Now this is something we hear of all the time – holding domain names for ransom. This it seems is a loathsome practice, mainly carried out be unscrupulous web companies. 😡
In this scenario, a non ‘web-savvy’ retailer went to a web design company and negotiated for a new eCommerce site to retail their product, this was accompanied with a .com domain purchase and an SEO contract to boost the site traffic.
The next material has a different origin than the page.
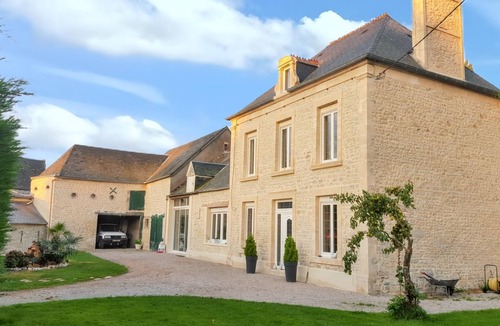 Saint-Germain-du-Pert House | Homerez - House in Saint-Germain-du-Pert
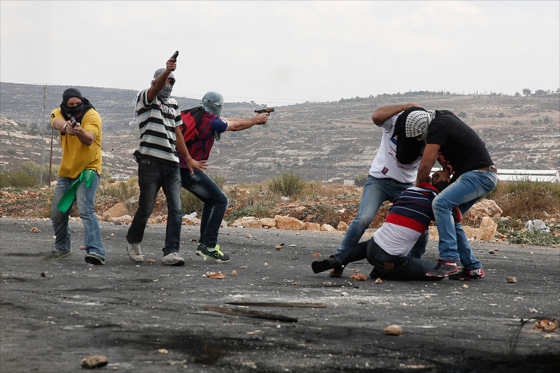 وحوش اسرائيل يندسون بين الفلسطينيين ويطلقون النار عليهم!! صورة رقم 7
All good so far.
Now here’s the problem – the SEO part of the contract never hit the targets that were agreed, so the retailer held back on payment for that part of the deal, not the domain or the website part, just the SEO part. 😯
Unsurprisingly, this caused the relationship between the two companies to deteriorate to the level that the web company refused to release the website and the domain to the retailer, gave 4 days notice that unless the bill was settled the website would be taken offline, and demanded £1000 for the domain to be re-registered in the retailers name as the web company had registered it as themselves.
And the result? the web company did indeed suspend the website, just at the clients busy period (they retail a product much sought after at Christmas). This means that the web company will get sued, including a claim for all the court costs, and a bill for ‘loss of earnings’ over the clients busy period, lets just say that this will end with a 5 figure sum.
Stupid, stupid, stupid. All over a domain name costing lees than £10!
Although I understand that having some hold over a client means that you have some come-back in case the customer doesn’t play nice (read ‘pay the bill’), in this case they had paid for the parts the web company was withholding and had the SEO been good enough, then the whole thing would not have gone sour.
As I said, sadly this isn’t unusual or uncommon. Other tricks include, not giving out the FTP details of a site after payment so the client can’t get to the files to move them, posting nasty messages on the homepage of the sites (I have seen things like ‘This client doesn’t pay their bills’), or completely redirecting a site to a competitor.
What to we at Rochester & Associates Ltd do? Simple: in the case on non payment for a part of a contract, we stop doing that bit. In this case, the client would have had free access to move his domain and website, and we would have negotiated on the SEO to see if we could come to an agreement for the work done and parted. If the relationship has soured, then who want’s to continue doing business?